# Problem to work on:
Within the listing that follows, reproduce exactly the lines starting at the line with "Interior de apartamento moderno à venda com sala ampla Interior" and ending at the line with "Floating EVA pet", inclusive, and only those. Pictures are dropped.

# Dataset extract:
<<<<

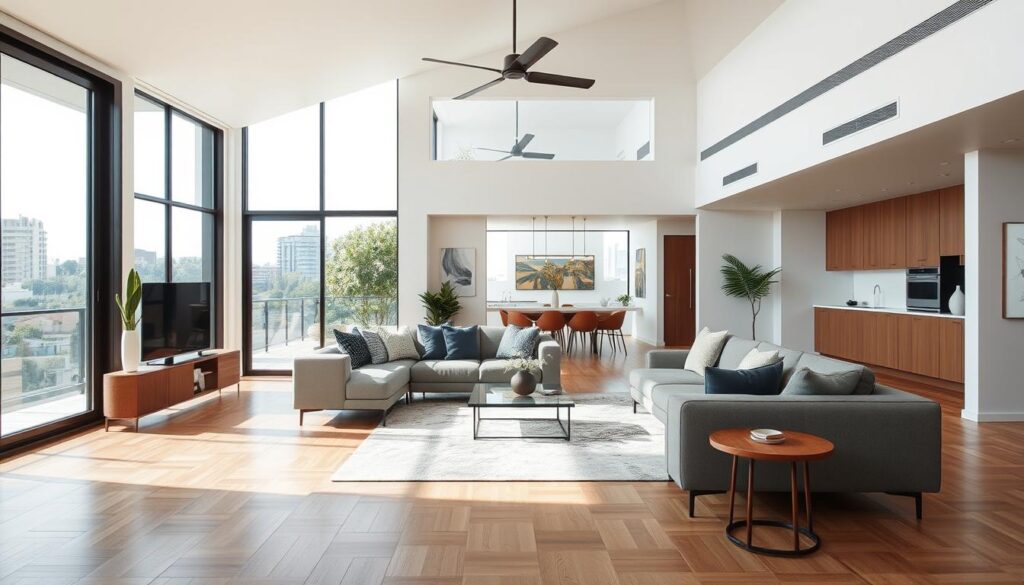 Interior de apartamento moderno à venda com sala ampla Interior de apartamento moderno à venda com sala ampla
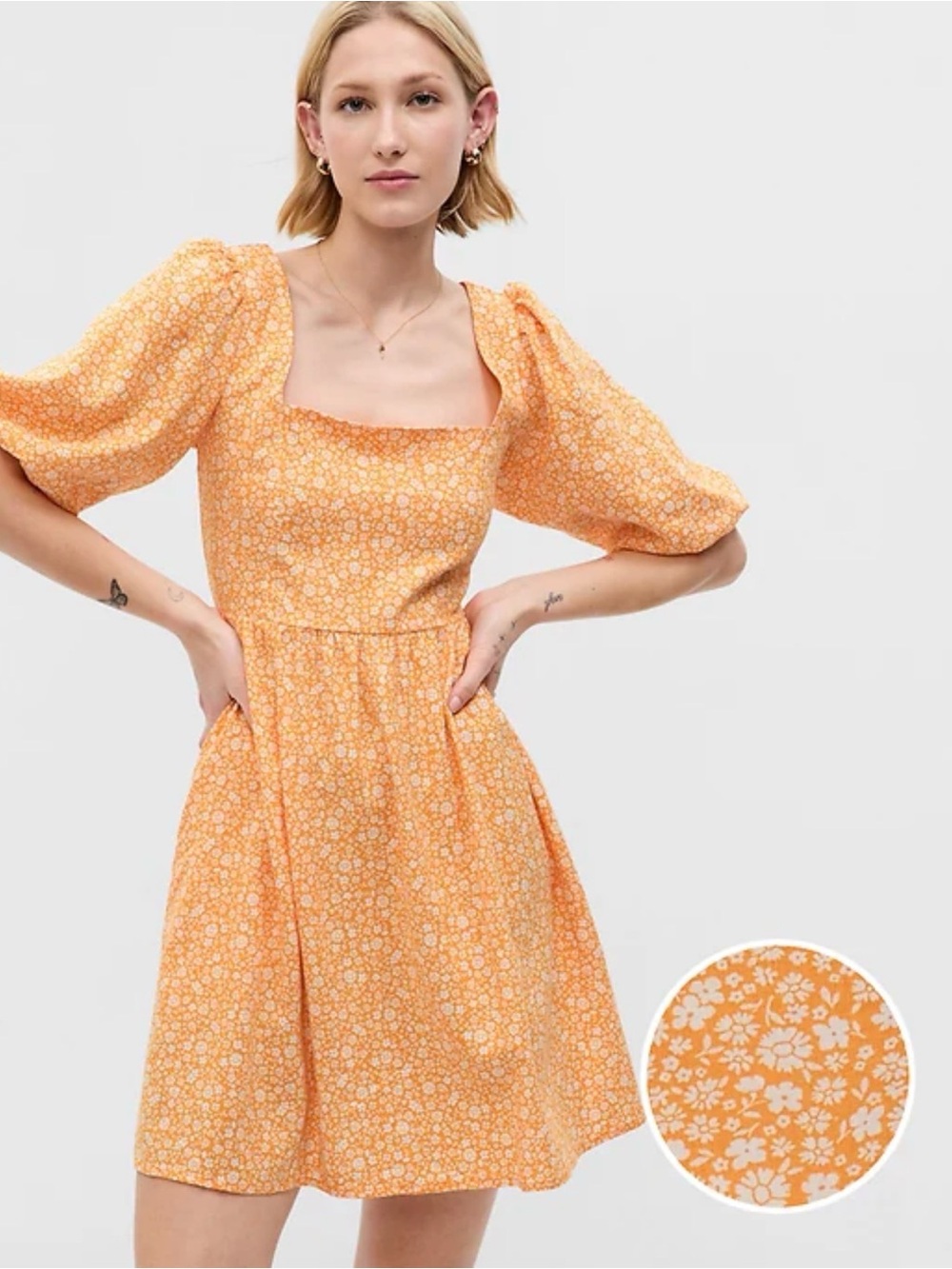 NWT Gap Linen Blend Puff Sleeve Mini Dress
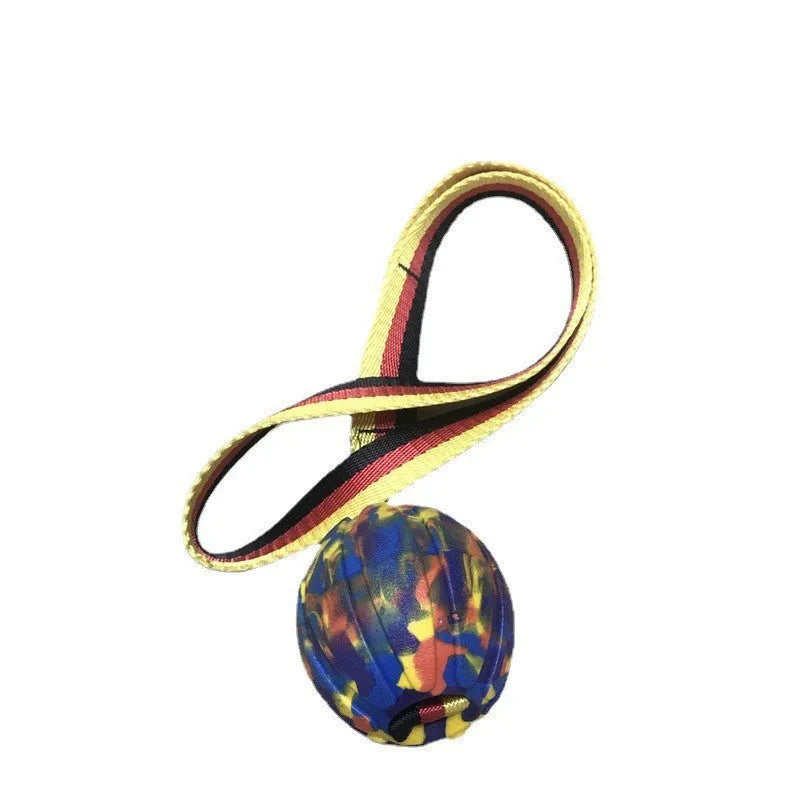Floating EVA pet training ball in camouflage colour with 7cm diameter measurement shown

>>>>
<<<<

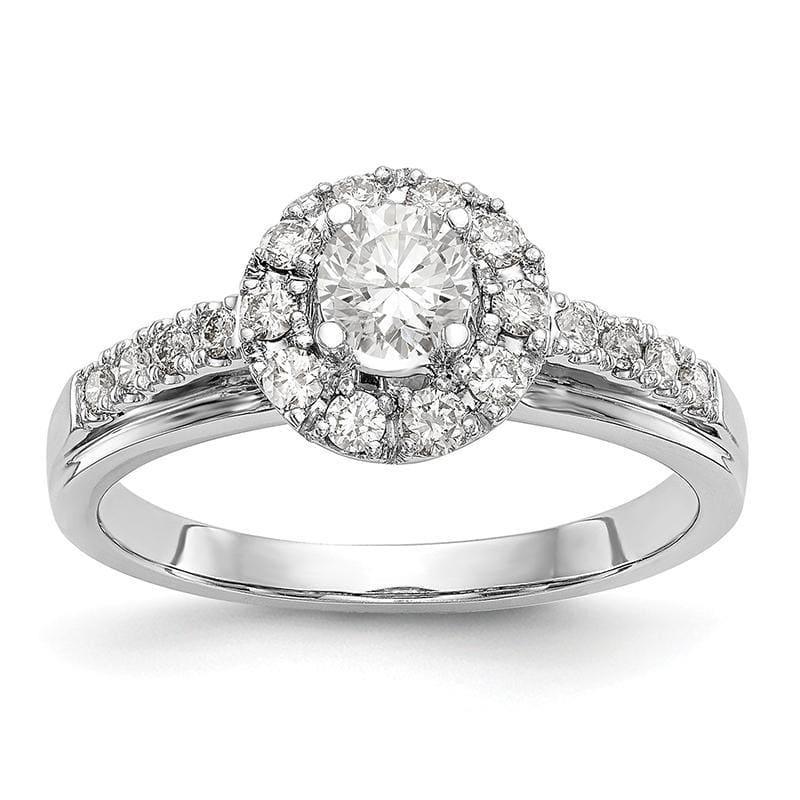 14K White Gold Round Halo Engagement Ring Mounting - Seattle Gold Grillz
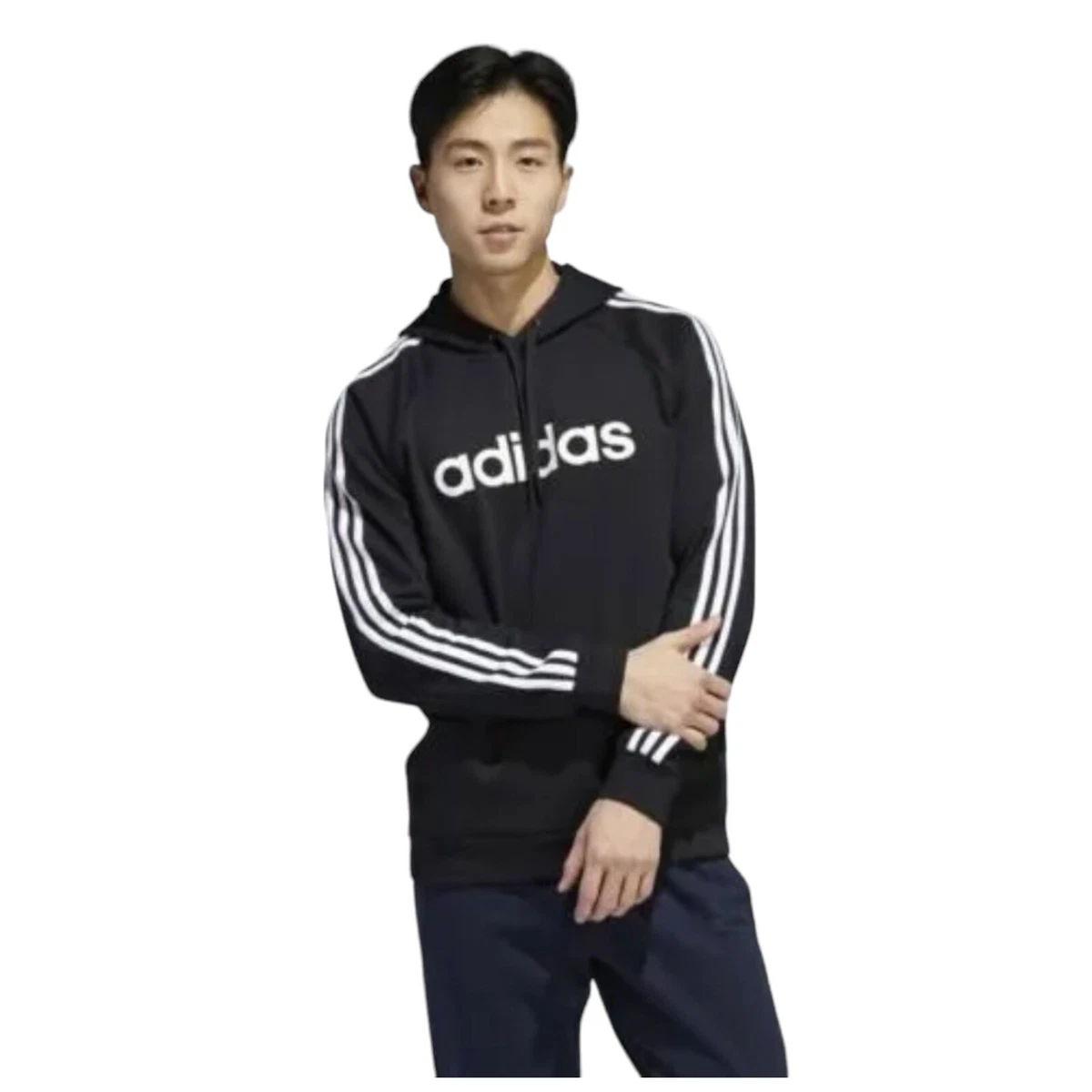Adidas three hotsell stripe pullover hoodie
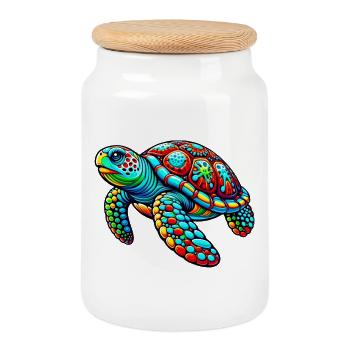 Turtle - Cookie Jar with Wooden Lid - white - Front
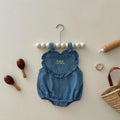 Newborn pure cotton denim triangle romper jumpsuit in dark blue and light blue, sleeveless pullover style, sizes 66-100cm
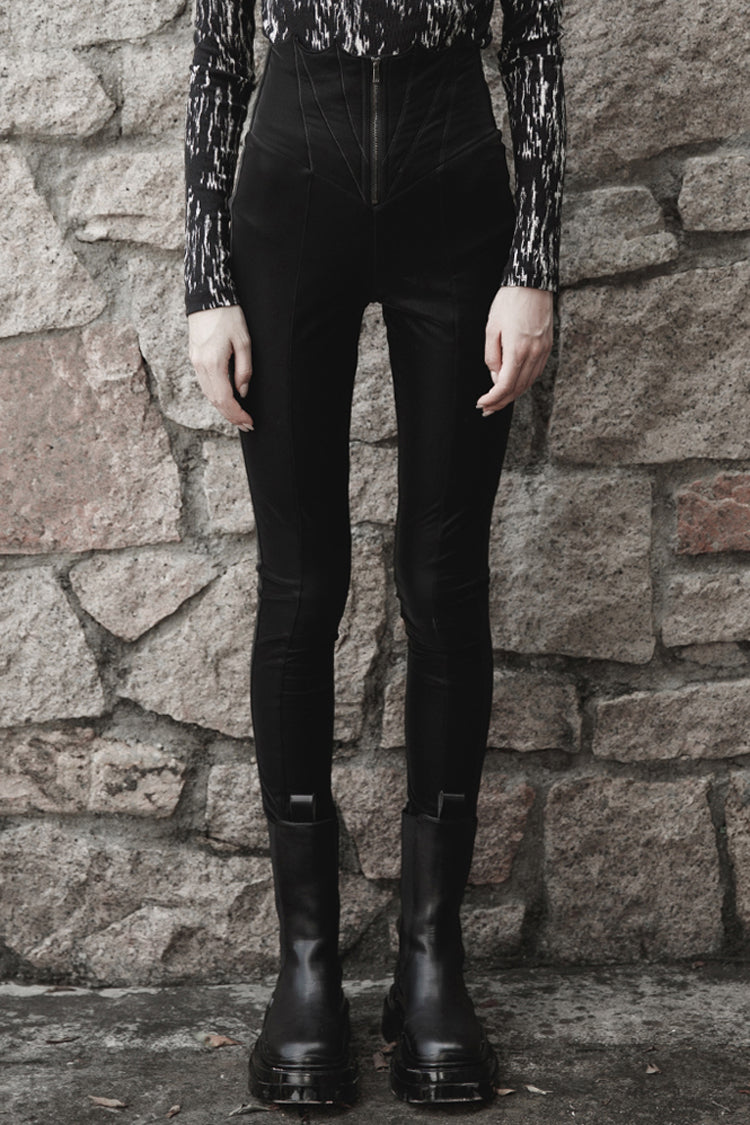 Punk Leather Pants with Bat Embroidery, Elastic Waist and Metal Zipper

>>>>
<<<<

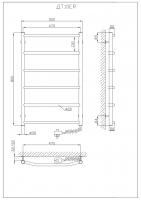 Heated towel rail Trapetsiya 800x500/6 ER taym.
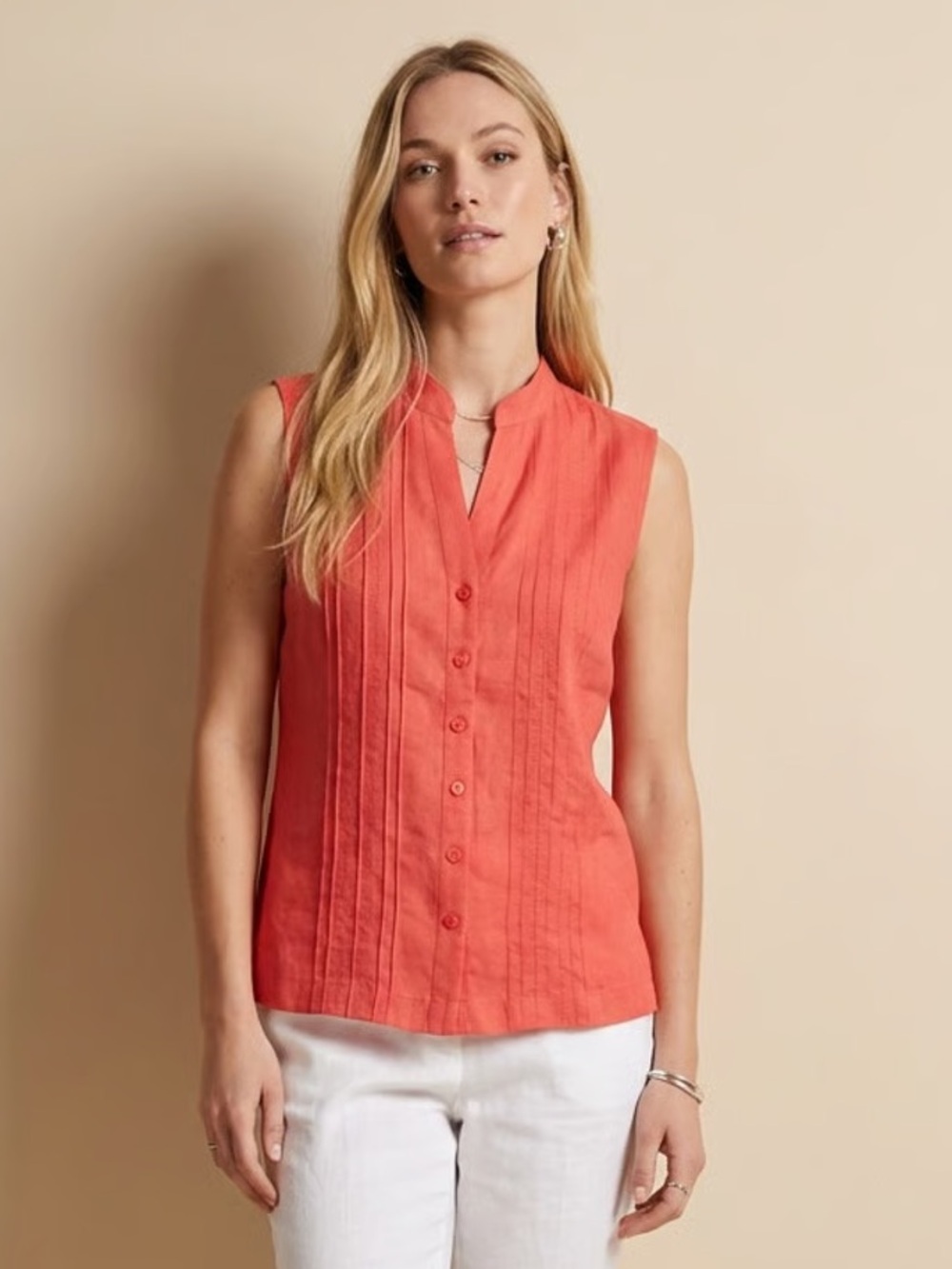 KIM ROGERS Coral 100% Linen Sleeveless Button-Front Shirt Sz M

>>>>

# Expected output:
 Interior de apartamento moderno à venda com sala ampla Interior de apartamento moderno à venda com sala ampla
 NWT Gap Linen Blend Puff Sleeve Mini Dress
Floating EVA pet training ball in camouflage colour with 7cm diameter measurement shown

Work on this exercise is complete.